Context relevance score measures if the retrieved context has enough information to answer the question being asked.

This check is important since a bad context reduces the chances of the model giving a relevant response to the question asked, as well as leads to hallucinations.

You can read our blog to learn more about why context relevance is important.

Columns required:

  • question: The question asked by the user
  • context: Information retrieved to answer the question

How to use it?

from uptrain import EvalLLM, Evals

OPENAI_API_KEY = "sk-********************"  # Insert your OpenAI key here

data = [{
    "question": "What is the capital city of France?",
    "context": "France is a global center for art, fashion, gastronomy, and culture. Its 19th-century cityscape is crisscrossed by wide boulevards and the Seine River. The country is also known for its charming cafes, trendy boutiques, and rich history."
}]

eval_llm = EvalLLM(openai_api_key=OPENAI_API_KEY)

res = eval_llm.evaluate(
    data = data,
    checks = [Evals.CONTEXT_RELEVANCE]
)
By default, we are using GPT 3.5 Turbo for evaluations. If you want to use a different model, check out this tutorial.

Sample Response:

[
   {
      "score_context_relevance": 0.0,
      "explanation_context_relevance": "The extracted context does not contain any information related to the capital city of France. It only provides information about France being a global center for art, fashion, gastronomy, and culture, its 19th-century cityscape, wide boulevards, the Seine River, charming cafes, trendy boutiques, and rich history. There is no mention of the capital city of France in the given context, so it cannot answer the user query."
   }
]
A higher context relevance score reflects that retrieved context is relevant to the question asked.

The question is asking about “the capital city of France”.

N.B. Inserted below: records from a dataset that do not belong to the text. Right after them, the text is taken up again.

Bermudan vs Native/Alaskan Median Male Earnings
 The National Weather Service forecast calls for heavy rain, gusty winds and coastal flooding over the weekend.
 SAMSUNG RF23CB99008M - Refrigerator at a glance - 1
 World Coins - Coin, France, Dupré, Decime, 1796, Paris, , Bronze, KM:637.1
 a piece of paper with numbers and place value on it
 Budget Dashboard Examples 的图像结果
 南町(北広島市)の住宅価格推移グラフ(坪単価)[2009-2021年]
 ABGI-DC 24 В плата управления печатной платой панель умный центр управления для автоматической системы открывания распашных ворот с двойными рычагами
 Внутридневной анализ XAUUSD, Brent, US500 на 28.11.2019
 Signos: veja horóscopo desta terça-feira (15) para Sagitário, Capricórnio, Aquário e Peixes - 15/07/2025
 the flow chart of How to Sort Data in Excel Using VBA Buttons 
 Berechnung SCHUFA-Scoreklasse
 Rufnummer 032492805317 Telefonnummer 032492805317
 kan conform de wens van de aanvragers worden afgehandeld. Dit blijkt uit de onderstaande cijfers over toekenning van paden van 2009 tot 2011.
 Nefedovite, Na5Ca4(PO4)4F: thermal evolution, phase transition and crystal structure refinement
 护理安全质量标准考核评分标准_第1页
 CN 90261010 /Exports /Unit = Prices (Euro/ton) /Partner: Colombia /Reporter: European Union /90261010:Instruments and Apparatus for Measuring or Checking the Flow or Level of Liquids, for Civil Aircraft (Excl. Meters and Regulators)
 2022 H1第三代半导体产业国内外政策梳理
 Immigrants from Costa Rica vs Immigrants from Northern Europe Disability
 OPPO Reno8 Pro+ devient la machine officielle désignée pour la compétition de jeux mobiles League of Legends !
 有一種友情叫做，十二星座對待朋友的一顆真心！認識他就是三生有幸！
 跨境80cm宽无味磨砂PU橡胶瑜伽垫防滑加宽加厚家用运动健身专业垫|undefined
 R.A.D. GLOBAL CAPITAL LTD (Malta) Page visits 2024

The context though contains some information about France, there is no refeence to the capital city of France i.e. Paris.

Which makes the context irrelevant for the given question, ultimately resulting in a low context relevance score.

How it works?

We evaluate context relevance by determining which of the following three cases apply for the given task data:

  • The extracted context can answer the given query completely.
  • The extracted context can give some relevant answer for the given query, but can’t answer it completely.
  • The extracted context doesn’t contain any information to answer the given query.